Salah satu upaya dalam meningkatkan kepatuhan wajib pajak adalah memberikan pelayanan yang terbaik kepada wajib pajak. Penelitian Gangl et al. (2013) menyatakan, orientasi pelayanan (service orientation) yang memfasilitasi kepatuhan pajak (tax compliance) akan meningkatkan kepercayaan dan memperkuat kepatuhan. Kepatuhan yang diharapkan adalah kepatuhan sukarela (voluntary compliance). Sedangkan Alm et al. (2010) menyatakan, pelayanan menjadi salah satu faktor yang mempengaruhi kepatuhan perpajakan. Penelitian Supadmi (2009) juga menyimpulkan bahwa kualitas pelayanan akan meningkatkan kepatuhan pajak.

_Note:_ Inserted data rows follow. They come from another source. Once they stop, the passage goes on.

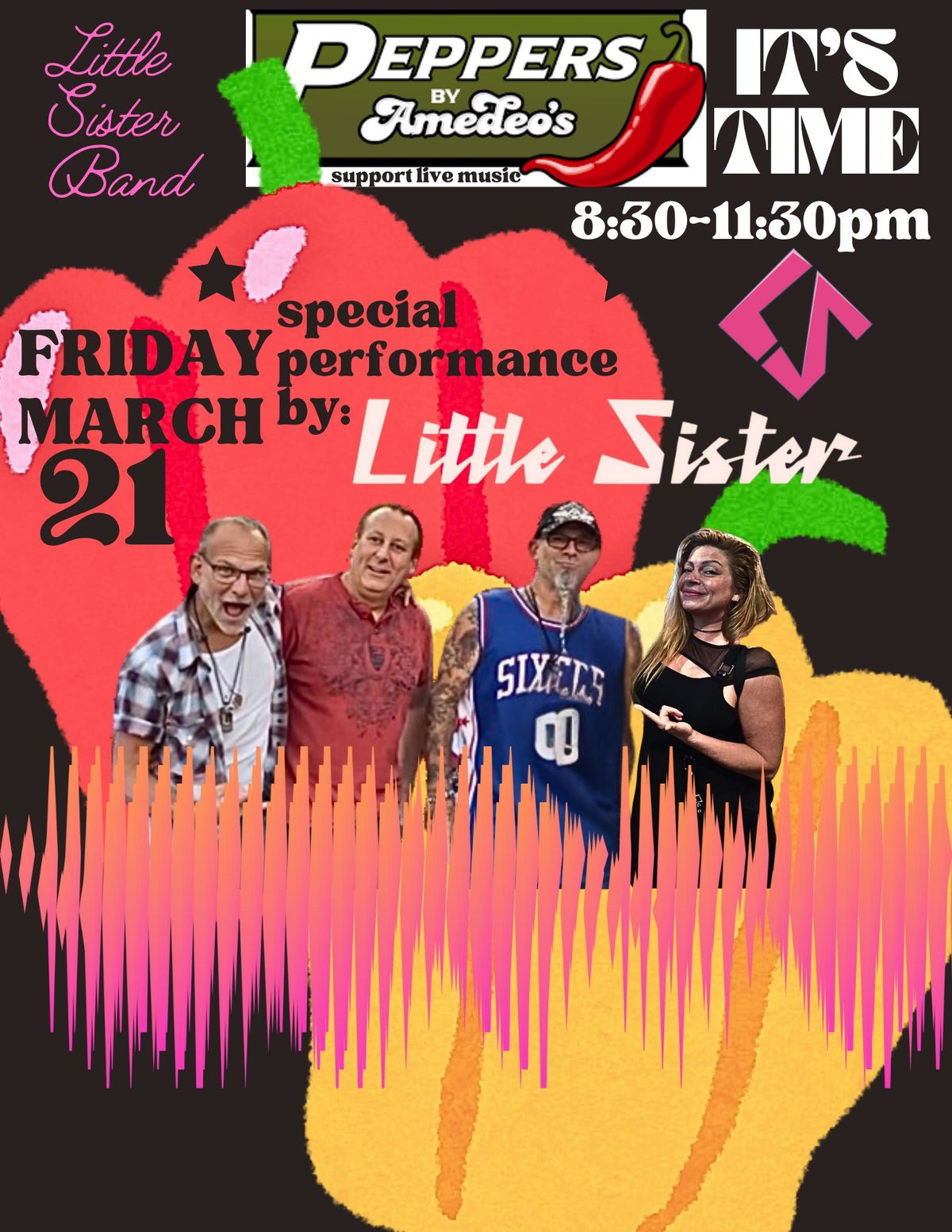 LITTLE SISTER at Peppers \u2022 King Of Prussia, PA \u2022 Fri, March 21 \u2022 8:30-11:30PM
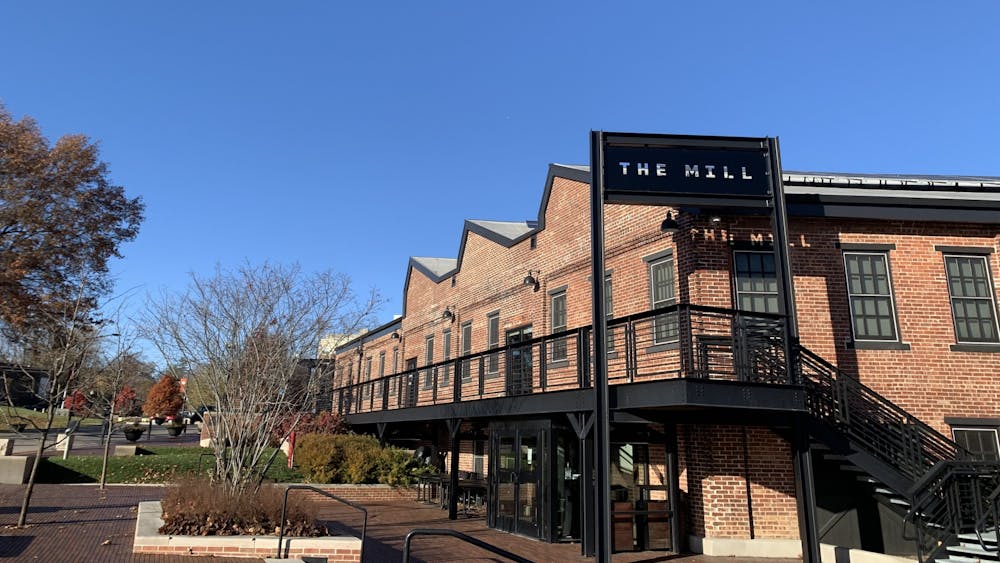 The Mill business front is located at 642 N. Madison St. in the Trades District. The Mill is in an old sawmill factory known as Dimension Mill.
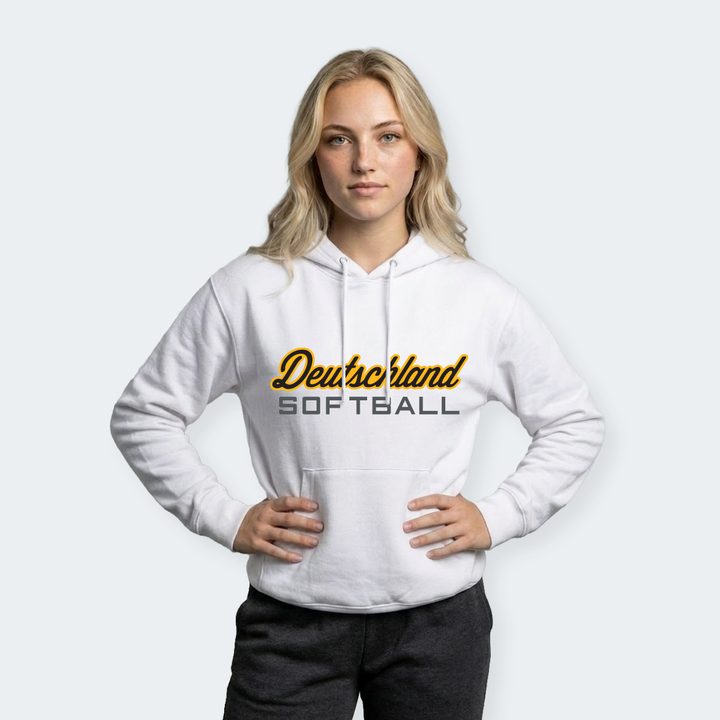 Adult Cotton Hoodie - Deutschland Softball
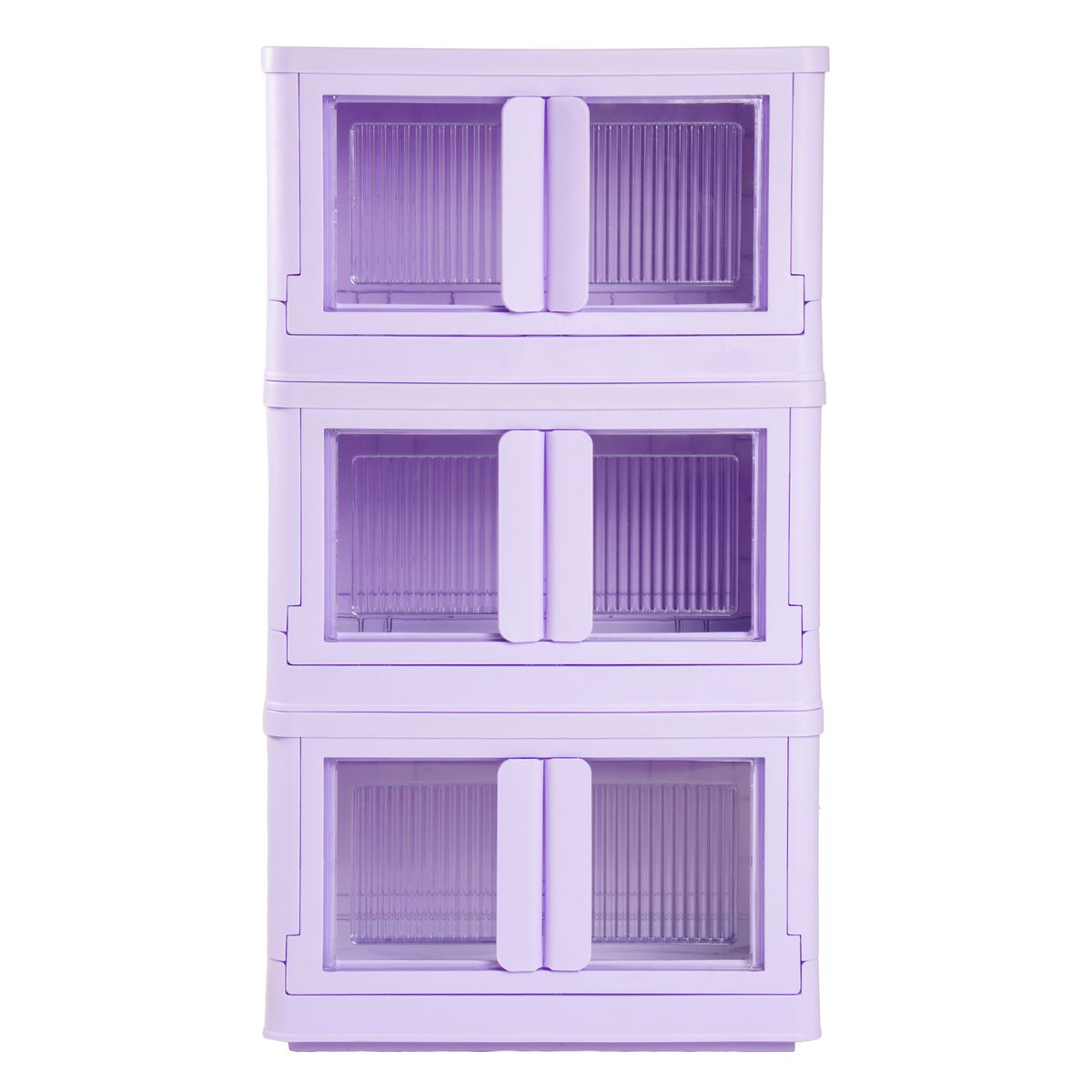 QRUBBER - Caja Plegable Organizadora 3 Niveles Lila MQ Qrubber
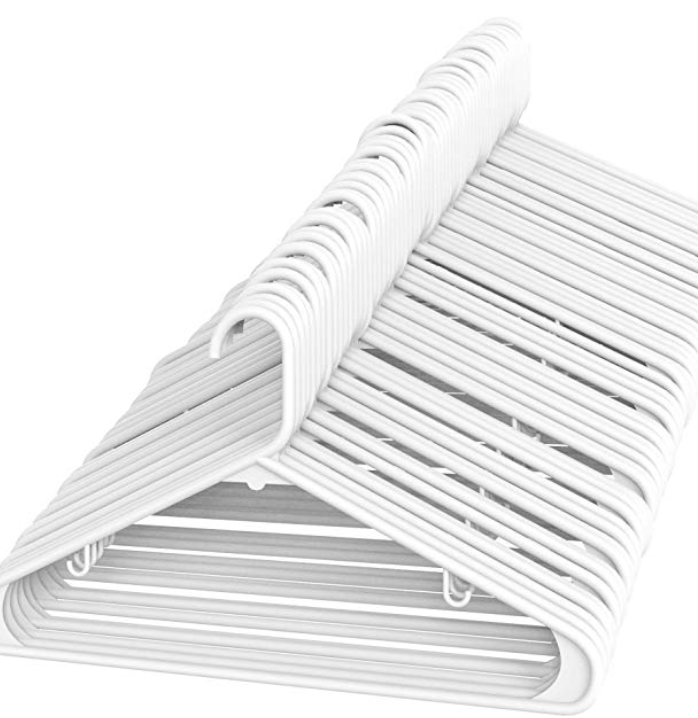 Sharpty White Plastic Hangers, Plastic Clothes Hangers Ideal for Everyday Use, Clothing Hangers, Standard Hangers (60 Pack) only $19.89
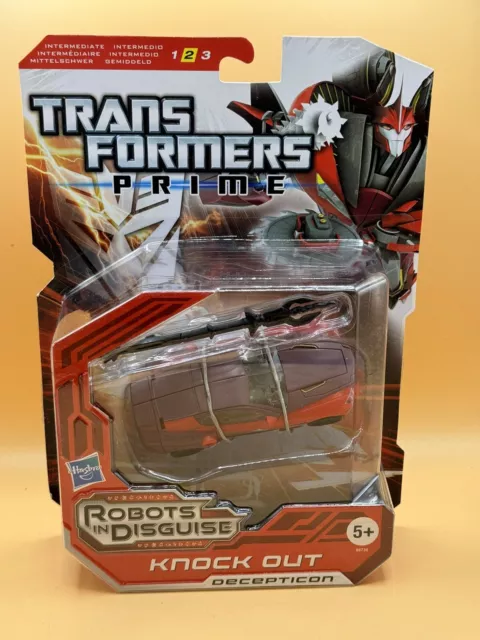 Transformers Prime robot sotto mentite spoglie knock out - nuovi e sigillati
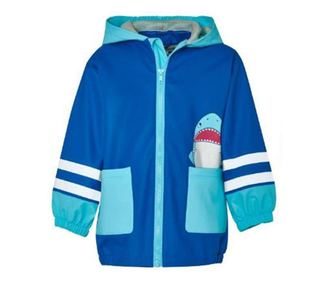 Детски дъждобран, Playshoes, Shark, син, 104 см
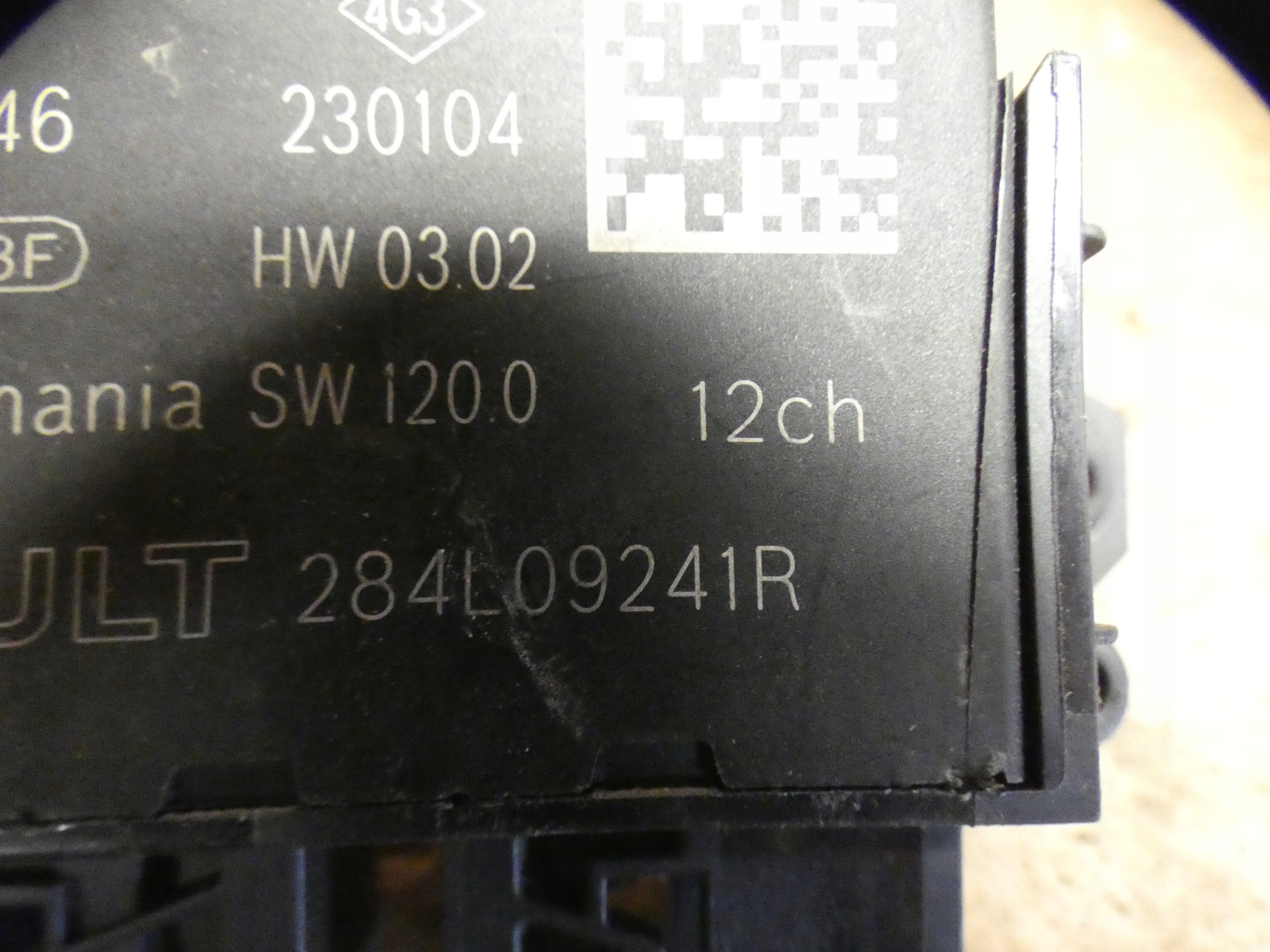 module control unit CZUJNIKOW PDC NISSAN TOWNSTAR XFK 22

Selama ini, Direktorat Jenderal Pajak (DJP) terus berbenah melakukan reformasi pajak di bidang pelayanan. Contoh kemudahan tersebut seperti diterapkannya e-registration atau sistem pendaftaran wajib pajak secara daring, penyampaian Surat Pemberitahuan (SPT) secara daring melalui e-Filing, e-Billing yang merupakan pembayaran pajak secara elektronik menggunakan kode billing, dan yang terbaru adalah pelaporan SPT Masa unifikasi menggunakan e-Bupot Unifikasi.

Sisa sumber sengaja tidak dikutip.